HOW TO COMPLETE THIS TASK: Below are some records. Retype exactly the lines from the one containing "Photoresponsive polymers I" through the one containing "Польша призвала США", both included, skipping every picture.
┌─ GIVEN RECORDS
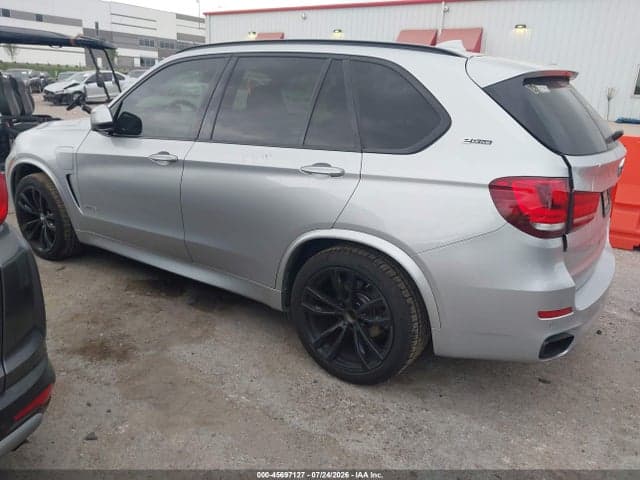 2017 BMW X5 EDRIVE XDRIVE40E IPERFORMANCE 3
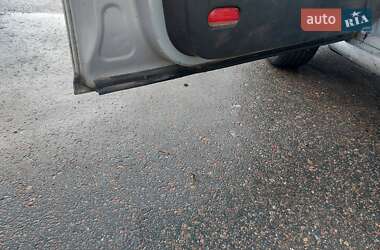 Седан Volkswagen Bora 2003 в 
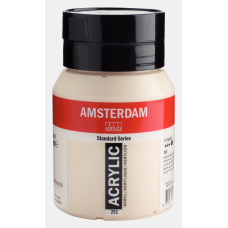 Amsterdam Standart Akrilik 500 ML Napl. Yw. Rd. Light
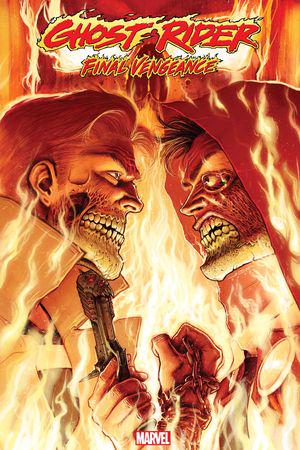 Ghost Rider: Final Vengeance (2024) #5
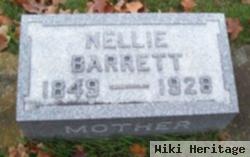 Nellie Mullen Barrett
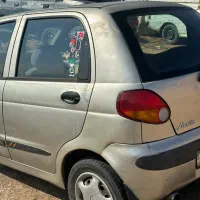 ماتیز مدل۸۱|خودرو سواری و وانت|تبریز, |دیوار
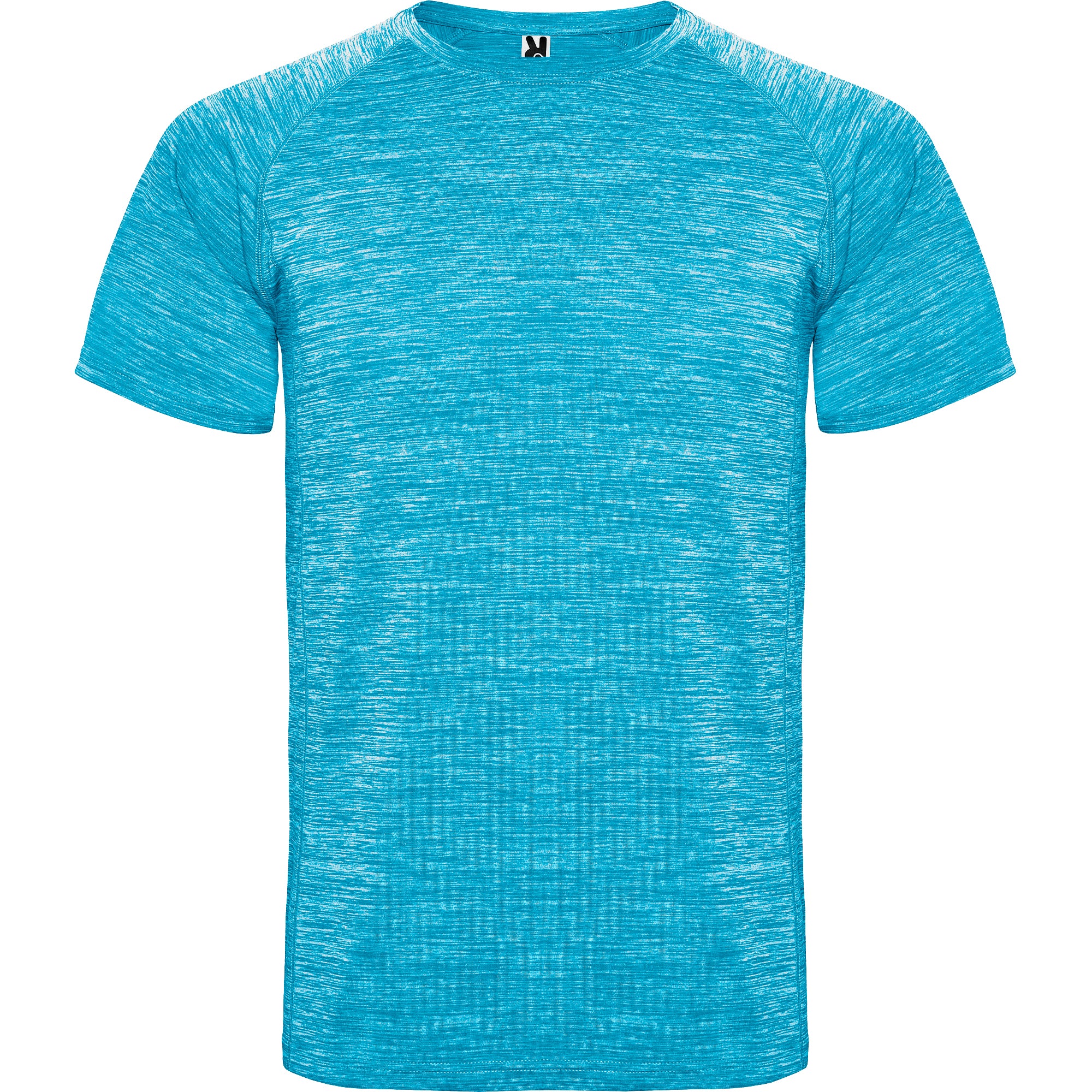 Tricou tehnic sport design melanj 140g AUSTIN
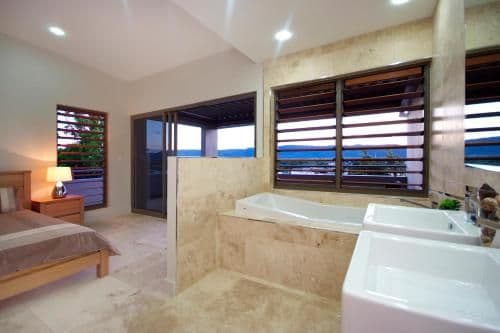 Four-Bedroom Villa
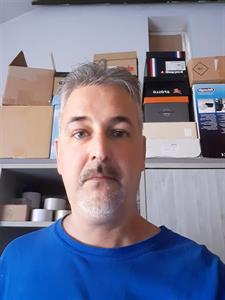 Pálci 48 éves férfi, Pest megye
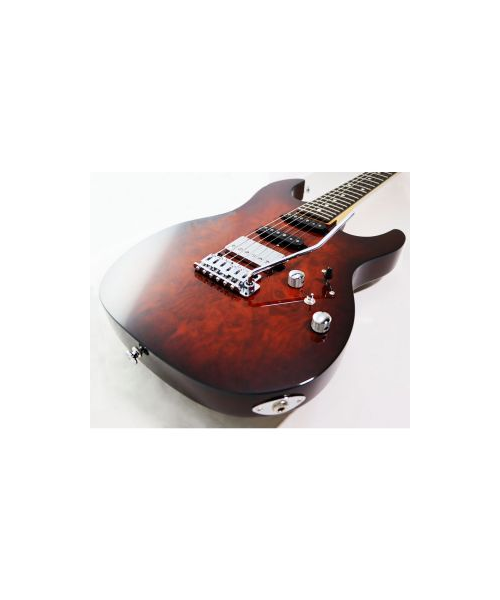 FGN ODYSSEY JOS2DUEW1R/IBS - IMBUIA BROWN SUNBURST - C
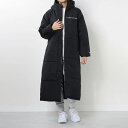 【2/25〜2/26】買えば買うほど★最大10％OFFクーポン アンダーアーマー レディース ベンチコート UA INSULATED LONG COAT 1375427 001 アウター スポーツウェア ： ブラック UNDER ARMOUR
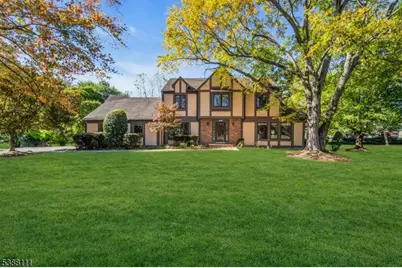 1053 Hillcrest Dr, Branchburg Township, NJ 08853 - Photo 47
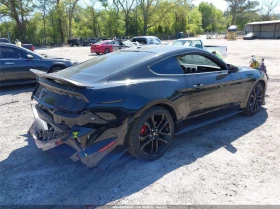 Ford Mustang PREMIUM / GT500-PACK / ОБДУХВАНЕ / ДИГ.ТАБЛО - 23900 лв. / 12219.88 € - 68665746 6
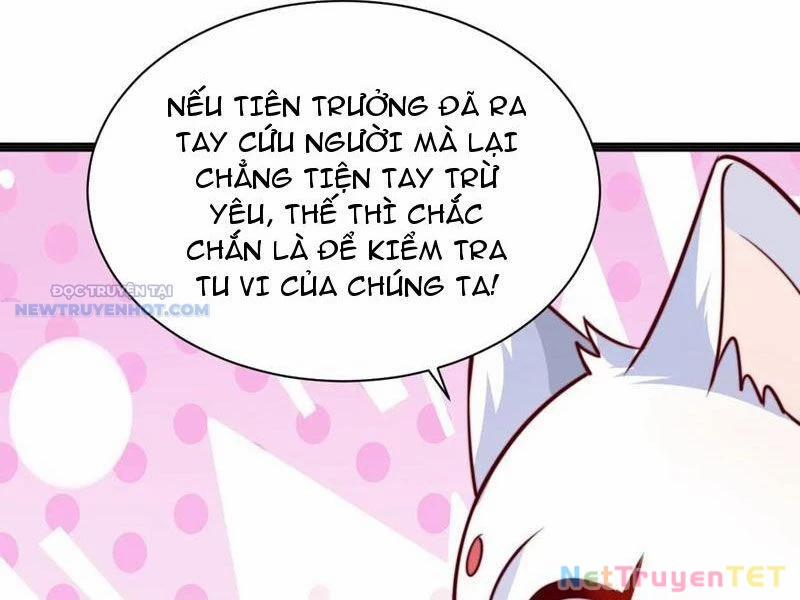 Ta Thực Sự Không Muốn Làm Thần Tiên 84 trang 38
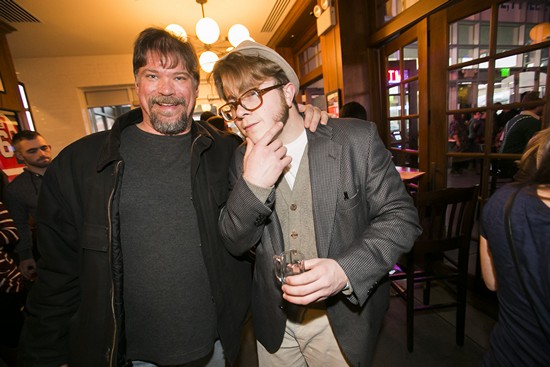 Winterfest Live! 2015 (Gallery A)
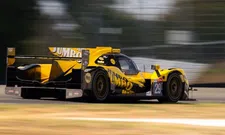 Thumbnail for article: Update: Racing Team Nederland in achterhoede LMP2, problemen vooraan bij Toyota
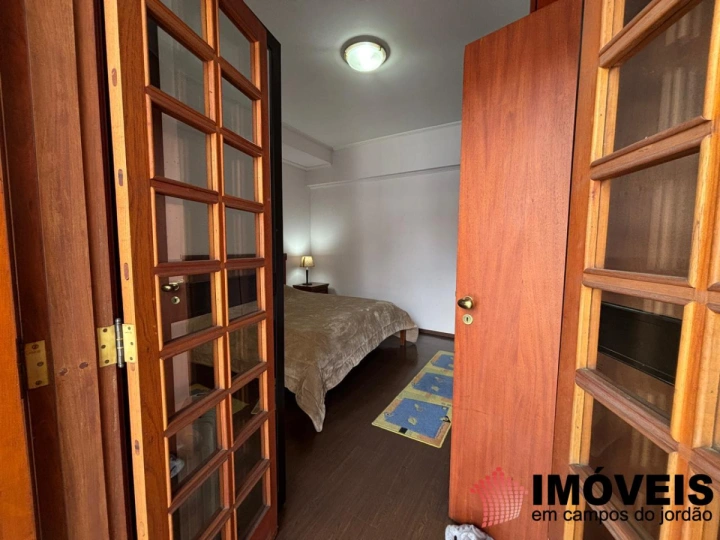 Imagem da galeria de fotos: Apartamento Residencial para Venda - Campos do Jordão, Capivari - REF: AP0224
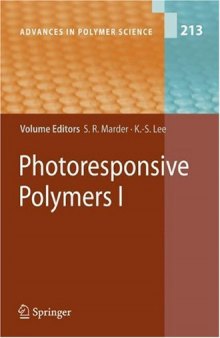 Photoresponsive polymers I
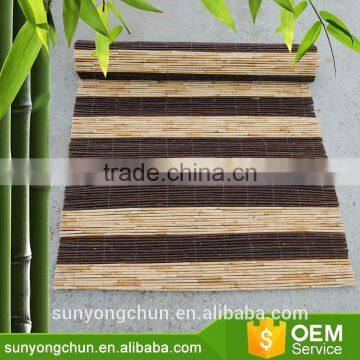 best designs decorative natural reed blind fence for private yard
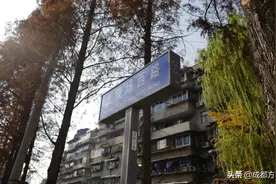 青羊街巷 | 北较场西路图片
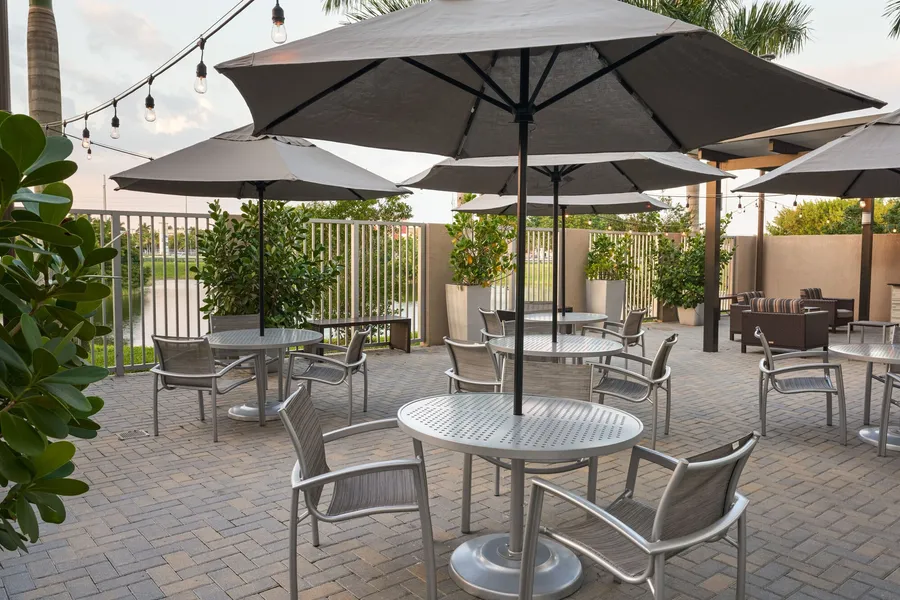 TownePlace Suites by Marriott Miami Kendall West hotel detail image 2
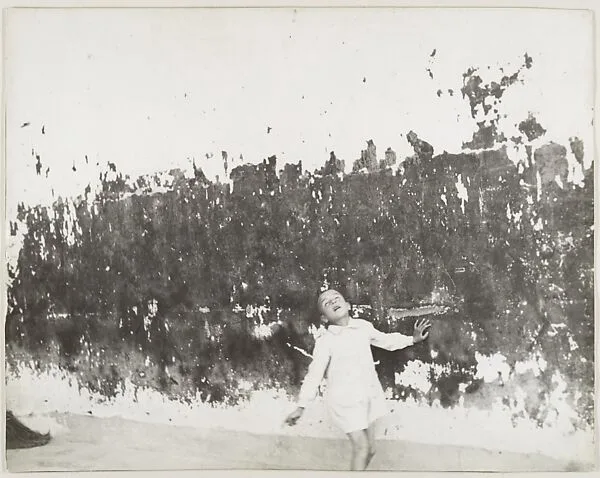 Valencia, Spain — Henri Cartier-Bresson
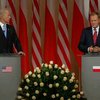 Польша призвала США включить ее в новую систему ПРО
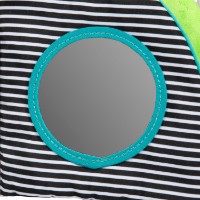 Carte educațională pentru copii Canpol Babies Bear (68/075) Grey imaginea #5 — magazin online Desire.md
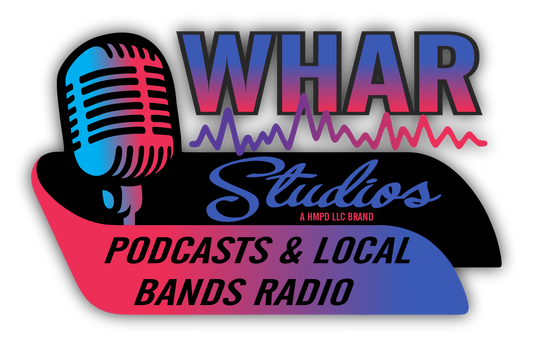 Be a guest on one of our shows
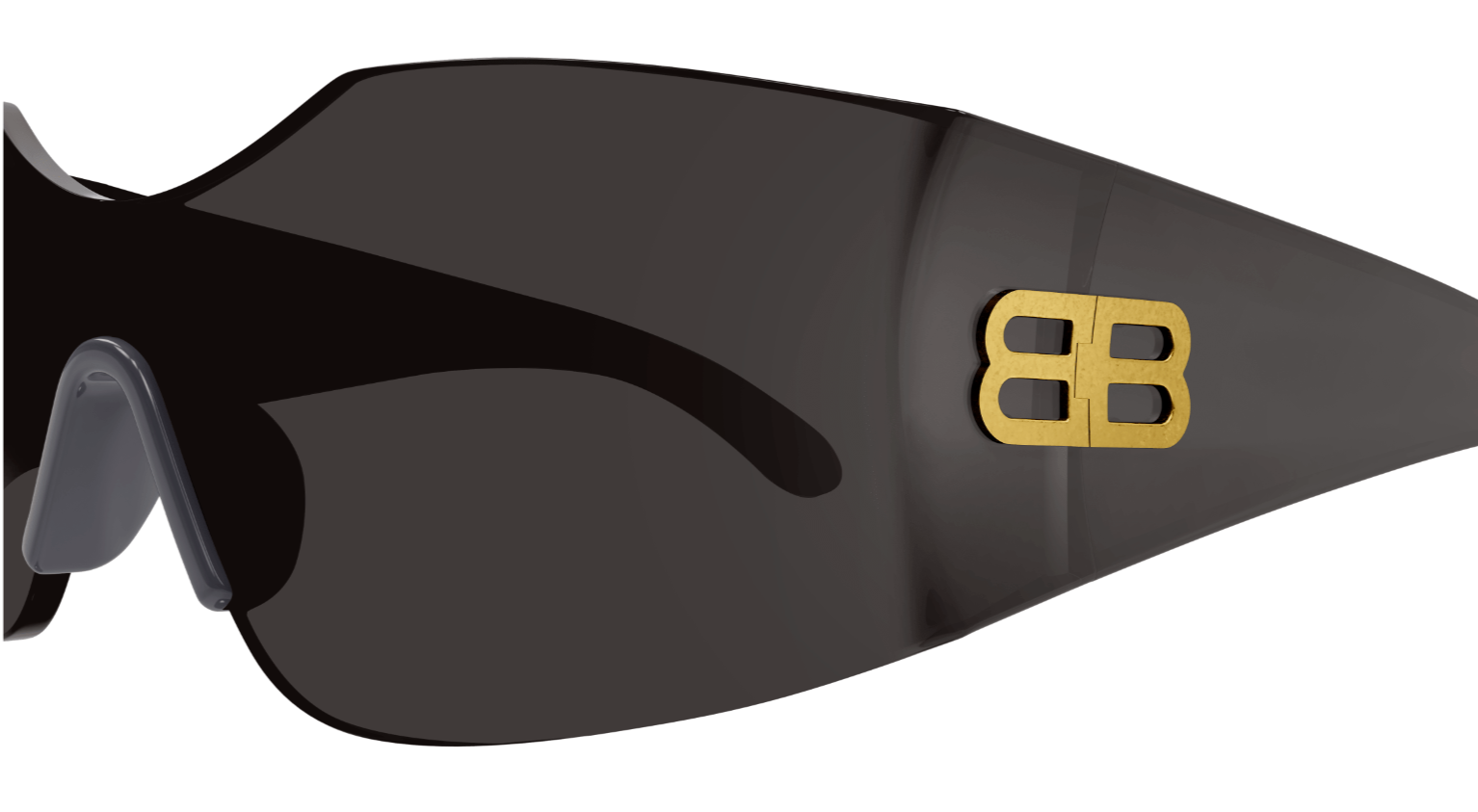 Balenciaga Everyday BB0292S Sunglasses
└─
OUTPUT OF THE TASK:
 Photoresponsive polymers I
 best designs decorative natural reed blind fence for private yard
 青羊街巷 | 北较场西路图片
 TownePlace Suites by Marriott Miami Kendall West hotel detail image 2
 Valencia, Spain — Henri Cartier-Bresson
 Польша призвала США включить ее в новую систему ПРО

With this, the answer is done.